What you have to do:
Scan the records below for the line with "ACB Garage Sale: 1941" and the line with "Yours Truly by", and retype that range exactly, both ends included, pictures excepted.

START Input records

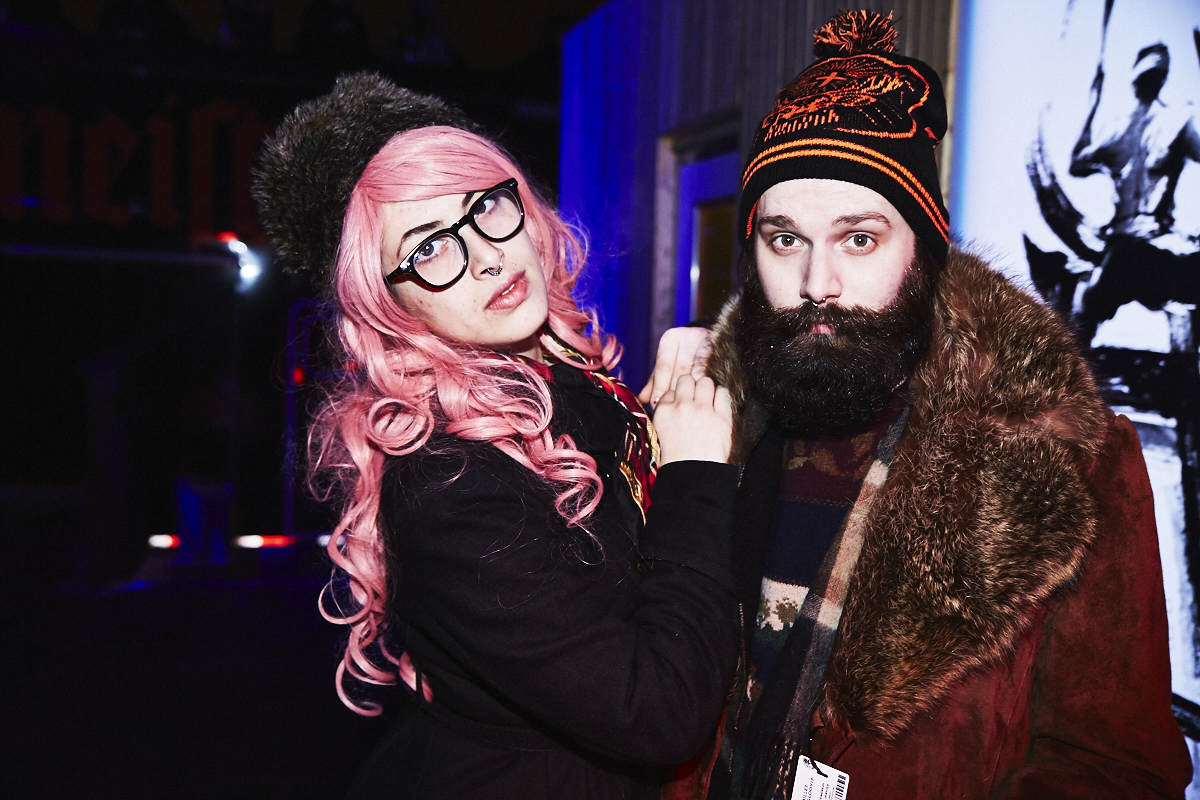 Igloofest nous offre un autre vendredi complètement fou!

END Input records
START Input records

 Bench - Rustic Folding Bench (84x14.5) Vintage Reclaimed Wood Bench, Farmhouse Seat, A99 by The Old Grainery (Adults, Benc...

END Input records
START Input records

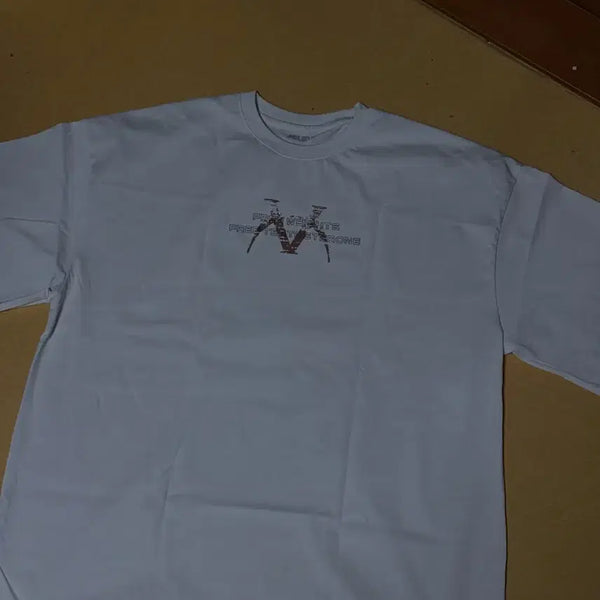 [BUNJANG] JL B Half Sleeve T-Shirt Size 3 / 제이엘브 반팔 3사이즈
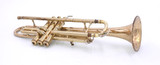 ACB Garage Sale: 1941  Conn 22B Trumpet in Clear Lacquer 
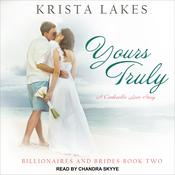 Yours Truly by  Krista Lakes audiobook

END Input records

The answer:
 ACB Garage Sale: 1941  Conn 22B Trumpet in Clear Lacquer 
 Yours Truly by  Krista Lakes audiobook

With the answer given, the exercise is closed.